Exercise prompt »
Copy out the records so that each line matches the original.

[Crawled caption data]
•••

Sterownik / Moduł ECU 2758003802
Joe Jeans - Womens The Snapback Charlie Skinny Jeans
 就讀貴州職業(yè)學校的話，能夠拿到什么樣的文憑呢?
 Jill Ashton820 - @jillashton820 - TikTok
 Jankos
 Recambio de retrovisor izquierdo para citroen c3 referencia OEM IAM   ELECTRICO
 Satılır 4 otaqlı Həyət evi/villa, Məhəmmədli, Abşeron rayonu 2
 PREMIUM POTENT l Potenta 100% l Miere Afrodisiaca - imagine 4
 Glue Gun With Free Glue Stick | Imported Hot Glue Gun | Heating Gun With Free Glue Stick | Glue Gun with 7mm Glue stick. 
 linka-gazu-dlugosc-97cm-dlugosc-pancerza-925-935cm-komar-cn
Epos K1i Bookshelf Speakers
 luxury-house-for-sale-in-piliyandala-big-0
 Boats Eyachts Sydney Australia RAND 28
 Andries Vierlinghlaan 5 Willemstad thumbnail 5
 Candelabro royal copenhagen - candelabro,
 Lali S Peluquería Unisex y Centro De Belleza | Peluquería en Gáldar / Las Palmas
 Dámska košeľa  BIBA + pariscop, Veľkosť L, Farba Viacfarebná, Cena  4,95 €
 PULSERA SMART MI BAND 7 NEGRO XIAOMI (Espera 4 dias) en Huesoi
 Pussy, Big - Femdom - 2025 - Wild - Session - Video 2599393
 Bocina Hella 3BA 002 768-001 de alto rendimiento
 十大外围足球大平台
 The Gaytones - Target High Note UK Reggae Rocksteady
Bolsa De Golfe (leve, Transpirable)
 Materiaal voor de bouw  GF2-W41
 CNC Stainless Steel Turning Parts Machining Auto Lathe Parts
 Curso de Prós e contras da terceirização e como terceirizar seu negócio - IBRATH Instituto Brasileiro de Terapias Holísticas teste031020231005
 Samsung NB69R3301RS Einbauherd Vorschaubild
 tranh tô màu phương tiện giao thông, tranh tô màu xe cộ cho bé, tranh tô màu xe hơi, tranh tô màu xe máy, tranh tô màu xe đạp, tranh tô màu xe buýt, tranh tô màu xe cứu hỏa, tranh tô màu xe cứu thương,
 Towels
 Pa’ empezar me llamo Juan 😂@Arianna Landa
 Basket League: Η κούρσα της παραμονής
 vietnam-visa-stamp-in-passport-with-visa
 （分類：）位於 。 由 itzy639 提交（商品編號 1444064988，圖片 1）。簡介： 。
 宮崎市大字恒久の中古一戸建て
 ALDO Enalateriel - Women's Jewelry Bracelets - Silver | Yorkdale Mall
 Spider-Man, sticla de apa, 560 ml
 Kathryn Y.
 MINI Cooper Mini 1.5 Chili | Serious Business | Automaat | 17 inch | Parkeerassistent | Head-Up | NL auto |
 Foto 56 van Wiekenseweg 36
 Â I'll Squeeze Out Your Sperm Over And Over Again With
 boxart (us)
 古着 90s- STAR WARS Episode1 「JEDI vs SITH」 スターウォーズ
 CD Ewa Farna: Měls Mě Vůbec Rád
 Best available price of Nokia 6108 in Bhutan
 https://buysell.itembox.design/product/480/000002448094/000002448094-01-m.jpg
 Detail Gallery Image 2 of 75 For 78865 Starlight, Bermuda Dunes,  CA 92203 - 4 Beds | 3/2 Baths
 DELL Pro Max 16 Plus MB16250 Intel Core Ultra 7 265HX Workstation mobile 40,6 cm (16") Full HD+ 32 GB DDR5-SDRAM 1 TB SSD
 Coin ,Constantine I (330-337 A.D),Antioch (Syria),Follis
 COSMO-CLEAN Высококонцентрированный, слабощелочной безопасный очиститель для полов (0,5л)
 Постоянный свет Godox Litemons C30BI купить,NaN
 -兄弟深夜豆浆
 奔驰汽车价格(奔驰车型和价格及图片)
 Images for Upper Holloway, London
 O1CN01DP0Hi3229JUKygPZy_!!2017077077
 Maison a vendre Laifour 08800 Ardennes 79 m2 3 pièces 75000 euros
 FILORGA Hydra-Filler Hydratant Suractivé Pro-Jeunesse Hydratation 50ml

•••

Written solution »
Sterownik / Moduł ECU 2758003802
Joe Jeans - Womens The Snapback Charlie Skinny Jeans
 就讀貴州職業(yè)學校的話，能夠拿到什么樣的文憑呢?
 Jill Ashton820 - @jillashton820 - TikTok
 Jankos
 Recambio de retrovisor izquierdo para citroen c3 referencia OEM IAM   ELECTRICO
 Satılır 4 otaqlı Həyət evi/villa, Məhəmmədli, Abşeron rayonu 2
 PREMIUM POTENT l Potenta 100% l Miere Afrodisiaca - imagine 4
 Glue Gun With Free Glue Stick | Imported Hot Glue Gun | Heating Gun With Free Glue Stick | Glue Gun with 7mm Glue stick. 
 linka-gazu-dlugosc-97cm-dlugosc-pancerza-925-935cm-komar-cn
Epos K1i Bookshelf Speakers
 luxury-house-for-sale-in-piliyandala-big-0
 Boats Eyachts Sydney Australia RAND 28
 Andries Vierlinghlaan 5 Willemstad thumbnail 5
 Candelabro royal copenhagen - candelabro,
 Lali S Peluquería Unisex y Centro De Belleza | Peluquería en Gáldar / Las Palmas
 Dámska košeľa  BIBA + pariscop, Veľkosť L, Farba Viacfarebná, Cena  4,95 €
 PULSERA SMART MI BAND 7 NEGRO XIAOMI (Espera 4 dias) en Huesoi
 Pussy, Big - Femdom - 2025 - Wild - Session - Video 2599393
 Bocina Hella 3BA 002 768-001 de alto rendimiento
 十大外围足球大平台
 The Gaytones - Target High Note UK Reggae Rocksteady
Bolsa De Golfe (leve, Transpirable)
 Materiaal voor de bouw  GF2-W41
 CNC Stainless Steel Turning Parts Machining Auto Lathe Parts
 Curso de Prós e contras da terceirização e como terceirizar seu negócio - IBRATH Instituto Brasileiro de Terapias Holísticas teste031020231005
 Samsung NB69R3301RS Einbauherd Vorschaubild
 tranh tô màu phương tiện giao thông, tranh tô màu xe cộ cho bé, tranh tô màu xe hơi, tranh tô màu xe máy, tranh tô màu xe đạp, tranh tô màu xe buýt, tranh tô màu xe cứu hỏa, tranh tô màu xe cứu thương,
 Towels
 Pa’ empezar me llamo Juan 😂@Arianna Landa
 Basket League: Η κούρσα της παραμονής
 vietnam-visa-stamp-in-passport-with-visa
 （分類：）位於 。 由 itzy639 提交（商品編號 1444064988，圖片 1）。簡介： 。
 宮崎市大字恒久の中古一戸建て
 ALDO Enalateriel - Women's Jewelry Bracelets - Silver | Yorkdale Mall
 Spider-Man, sticla de apa, 560 ml
 Kathryn Y.
 MINI Cooper Mini 1.5 Chili | Serious Business | Automaat | 17 inch | Parkeerassistent | Head-Up | NL auto |
 Foto 56 van Wiekenseweg 36
 Â I'll Squeeze Out Your Sperm Over And Over Again With
 boxart (us)
 古着 90s- STAR WARS Episode1 「JEDI vs SITH」 スターウォーズ
 CD Ewa Farna: Měls Mě Vůbec Rád
 Best available price of Nokia 6108 in Bhutan
 https://buysell.itembox.design/product/480/000002448094/000002448094-01-m.jpg
 Detail Gallery Image 2 of 75 For 78865 Starlight, Bermuda Dunes,  CA 92203 - 4 Beds | 3/2 Baths
 DELL Pro Max 16 Plus MB16250 Intel Core Ultra 7 265HX Workstation mobile 40,6 cm (16") Full HD+ 32 GB DDR5-SDRAM 1 TB SSD
 Coin ,Constantine I (330-337 A.D),Antioch (Syria),Follis
 COSMO-CLEAN Высококонцентрированный, слабощелочной безопасный очиститель для полов (0,5л)
 Постоянный свет Godox Litemons C30BI купить,NaN
 -兄弟深夜豆浆
 奔驰汽车价格(奔驰车型和价格及图片)
 Images for Upper Holloway, London
 O1CN01DP0Hi3229JUKygPZy_!!2017077077
 Maison a vendre Laifour 08800 Ardennes 79 m2 3 pièces 75000 euros
 FILORGA Hydra-Filler Hydratant Suractivé Pro-Jeunesse Hydratation 50ml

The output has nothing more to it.